Ron Friedman: So rather than staring at a blank screen, the next time you're writing an article or an email or a presentation, you have a kind of Madlibs where you can just plug in what needs to go in order to get your start. Now you may not end up using that formula, but it certainly will give you a lot better direction than if you were just starting from scratch.

Srini: Okay, so this raises another question about formulas, and this is something I've thought a lot about is this distinction between formulas and frameworks, because in any formula that somebody applies, there's one variable that is inevitably going to alter the results of that formula and that's themselves.

Srini: And we see this all the time where people, again, that takes us back to contexts where people overlook the most blatantly obvious variable that will throw off every single formula for success. So how do people make sure they're aware enough of the fact that they're going to be the variable that throws off the formula and treat that formula like a framework to use what you call the last step in this pattern recognition component, which is to generate

Ron Friedman: predictions.

Ron Friedman: It will, first of all, I would say that sometimes that differentiator, meaning you can actually work to your advantage. And it's a great example of this in in the book where I talk about how Malcolm Gladwell developed his writing style. I'll just share that story quickly. So he had spent years working as a science reporter, and then he moves to the new Yorker where he's asked to write these really long elaborate stories.
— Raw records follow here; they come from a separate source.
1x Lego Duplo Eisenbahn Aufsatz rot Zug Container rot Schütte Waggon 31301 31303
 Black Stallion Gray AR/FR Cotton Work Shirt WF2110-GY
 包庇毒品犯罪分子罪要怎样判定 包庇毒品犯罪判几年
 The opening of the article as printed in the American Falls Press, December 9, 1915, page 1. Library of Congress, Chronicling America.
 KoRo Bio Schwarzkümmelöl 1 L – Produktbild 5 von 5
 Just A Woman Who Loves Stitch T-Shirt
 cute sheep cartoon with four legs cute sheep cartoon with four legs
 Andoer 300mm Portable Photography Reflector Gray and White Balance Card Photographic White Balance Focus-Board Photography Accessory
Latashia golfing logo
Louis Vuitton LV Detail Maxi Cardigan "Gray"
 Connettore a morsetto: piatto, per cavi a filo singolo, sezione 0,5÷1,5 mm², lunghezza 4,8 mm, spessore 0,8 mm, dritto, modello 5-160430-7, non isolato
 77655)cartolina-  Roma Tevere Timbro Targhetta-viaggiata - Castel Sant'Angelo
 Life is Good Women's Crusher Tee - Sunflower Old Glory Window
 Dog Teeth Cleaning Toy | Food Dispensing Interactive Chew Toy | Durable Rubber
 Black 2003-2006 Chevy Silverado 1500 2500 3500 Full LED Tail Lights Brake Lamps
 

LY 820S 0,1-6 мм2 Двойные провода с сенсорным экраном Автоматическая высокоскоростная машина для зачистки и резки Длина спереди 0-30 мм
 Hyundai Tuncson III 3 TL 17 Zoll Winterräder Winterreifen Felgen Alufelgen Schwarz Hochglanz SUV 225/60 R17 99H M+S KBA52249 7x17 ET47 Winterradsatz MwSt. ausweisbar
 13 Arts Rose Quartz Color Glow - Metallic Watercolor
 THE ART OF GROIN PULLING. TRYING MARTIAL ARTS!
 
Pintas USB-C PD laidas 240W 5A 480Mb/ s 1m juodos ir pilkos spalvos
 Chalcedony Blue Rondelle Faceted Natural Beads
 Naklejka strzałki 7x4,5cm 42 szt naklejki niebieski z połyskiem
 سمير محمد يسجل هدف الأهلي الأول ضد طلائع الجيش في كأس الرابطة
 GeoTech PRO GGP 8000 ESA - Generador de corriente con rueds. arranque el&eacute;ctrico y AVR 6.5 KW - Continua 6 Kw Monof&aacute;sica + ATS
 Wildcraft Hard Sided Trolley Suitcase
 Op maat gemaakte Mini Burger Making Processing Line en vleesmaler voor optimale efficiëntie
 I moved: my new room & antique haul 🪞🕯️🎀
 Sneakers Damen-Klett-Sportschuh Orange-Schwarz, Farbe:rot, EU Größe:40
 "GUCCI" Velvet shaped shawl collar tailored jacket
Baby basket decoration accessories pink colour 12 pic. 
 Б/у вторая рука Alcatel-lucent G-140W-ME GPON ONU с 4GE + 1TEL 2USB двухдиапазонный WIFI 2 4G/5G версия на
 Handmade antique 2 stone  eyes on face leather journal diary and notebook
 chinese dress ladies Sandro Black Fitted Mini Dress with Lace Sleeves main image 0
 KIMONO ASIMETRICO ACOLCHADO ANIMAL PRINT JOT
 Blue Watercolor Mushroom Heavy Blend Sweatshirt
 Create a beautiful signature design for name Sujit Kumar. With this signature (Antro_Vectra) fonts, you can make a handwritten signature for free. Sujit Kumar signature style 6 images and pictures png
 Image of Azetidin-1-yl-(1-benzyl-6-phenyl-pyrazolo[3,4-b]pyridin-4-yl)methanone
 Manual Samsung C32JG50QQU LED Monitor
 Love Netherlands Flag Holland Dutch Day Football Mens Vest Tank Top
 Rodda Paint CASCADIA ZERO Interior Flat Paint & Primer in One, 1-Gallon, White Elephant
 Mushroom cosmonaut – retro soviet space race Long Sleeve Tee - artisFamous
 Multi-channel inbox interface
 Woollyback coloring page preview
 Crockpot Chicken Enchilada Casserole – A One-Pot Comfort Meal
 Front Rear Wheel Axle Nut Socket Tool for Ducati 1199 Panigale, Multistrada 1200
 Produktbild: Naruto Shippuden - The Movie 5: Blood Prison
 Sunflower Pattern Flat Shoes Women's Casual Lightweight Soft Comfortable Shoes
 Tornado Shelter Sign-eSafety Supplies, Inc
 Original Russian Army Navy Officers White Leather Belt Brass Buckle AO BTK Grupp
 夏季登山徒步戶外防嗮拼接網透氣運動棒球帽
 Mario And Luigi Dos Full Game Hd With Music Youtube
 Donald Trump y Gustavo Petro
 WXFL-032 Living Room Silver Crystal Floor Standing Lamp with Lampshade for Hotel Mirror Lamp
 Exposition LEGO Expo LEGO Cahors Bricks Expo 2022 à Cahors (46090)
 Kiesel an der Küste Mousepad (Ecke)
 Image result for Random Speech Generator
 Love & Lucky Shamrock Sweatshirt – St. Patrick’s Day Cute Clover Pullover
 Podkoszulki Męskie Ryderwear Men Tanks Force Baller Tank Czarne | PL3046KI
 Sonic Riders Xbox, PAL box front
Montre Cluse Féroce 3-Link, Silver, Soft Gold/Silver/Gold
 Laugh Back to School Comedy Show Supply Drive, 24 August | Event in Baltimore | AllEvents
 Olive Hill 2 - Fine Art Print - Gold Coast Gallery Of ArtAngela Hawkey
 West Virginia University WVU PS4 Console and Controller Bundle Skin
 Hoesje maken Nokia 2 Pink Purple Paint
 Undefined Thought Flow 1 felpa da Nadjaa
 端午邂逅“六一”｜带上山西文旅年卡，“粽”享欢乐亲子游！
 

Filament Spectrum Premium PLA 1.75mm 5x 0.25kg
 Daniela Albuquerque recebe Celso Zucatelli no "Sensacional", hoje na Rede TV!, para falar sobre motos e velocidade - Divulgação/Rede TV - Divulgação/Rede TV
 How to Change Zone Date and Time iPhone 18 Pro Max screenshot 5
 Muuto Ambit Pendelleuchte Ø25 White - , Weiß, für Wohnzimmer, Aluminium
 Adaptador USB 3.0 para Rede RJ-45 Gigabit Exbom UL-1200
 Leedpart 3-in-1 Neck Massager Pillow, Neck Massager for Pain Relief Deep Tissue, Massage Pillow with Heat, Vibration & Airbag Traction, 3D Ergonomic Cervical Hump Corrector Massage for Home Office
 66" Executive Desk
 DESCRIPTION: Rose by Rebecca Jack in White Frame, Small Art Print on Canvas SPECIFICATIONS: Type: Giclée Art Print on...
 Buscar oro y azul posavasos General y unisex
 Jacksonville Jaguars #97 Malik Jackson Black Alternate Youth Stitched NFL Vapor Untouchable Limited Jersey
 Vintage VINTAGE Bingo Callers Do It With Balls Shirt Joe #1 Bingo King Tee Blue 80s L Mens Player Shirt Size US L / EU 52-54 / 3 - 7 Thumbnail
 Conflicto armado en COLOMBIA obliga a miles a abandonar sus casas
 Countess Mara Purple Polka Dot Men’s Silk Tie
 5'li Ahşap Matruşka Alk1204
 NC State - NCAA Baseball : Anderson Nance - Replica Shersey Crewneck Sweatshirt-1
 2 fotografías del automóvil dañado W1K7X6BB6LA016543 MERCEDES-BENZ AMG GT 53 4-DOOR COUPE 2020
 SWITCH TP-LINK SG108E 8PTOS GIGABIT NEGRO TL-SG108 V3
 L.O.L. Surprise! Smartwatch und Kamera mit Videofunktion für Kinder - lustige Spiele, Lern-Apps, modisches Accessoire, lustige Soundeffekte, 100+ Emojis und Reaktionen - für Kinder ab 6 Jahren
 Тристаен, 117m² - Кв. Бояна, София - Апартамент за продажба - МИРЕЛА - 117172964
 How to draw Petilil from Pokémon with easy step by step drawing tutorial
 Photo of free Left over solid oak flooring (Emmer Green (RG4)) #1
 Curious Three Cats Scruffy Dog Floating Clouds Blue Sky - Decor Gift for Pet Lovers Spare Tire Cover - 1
Ron Friedman: And he struggles with this. He doesn't have the confidence to do it. He's not sure how he's going to fill the space. And so what he ends up doing is he ends up telling stories and then interlacing academic journal, article summaries, inside those stories. And he finds a way of making that work and weave them together.

Ron Friedman: That style is now known as Gladwell and it's however, almost every nonfiction book is written. Everyone wants to somehow write the next Gladwell book and his approach to writing. Wasn't an intentional approach in that. In other words he did not set out to develop his own distinctive style. He was competent.

Ron Friedman: By trying to recreate a formula and somehow stumbled on this new iteration that ended up being wildly successful. And so the lesson there is that sometimes you don't need to try and recreate everything in order to be distinctive. Sometimes just leaning into your distinguishing attributes can actually help you come up with something that is completely new.

Srini: Yeah. So that, that sounds to me like the concept of what you call reverse outlining. Correct.

Ron Friedman: Reverse outlining. And let me just explain that idea. So reverse that link is one of the tools that can help you reverse engineer written works. And so everyone's heard of outlining is the idea of bullet pointing.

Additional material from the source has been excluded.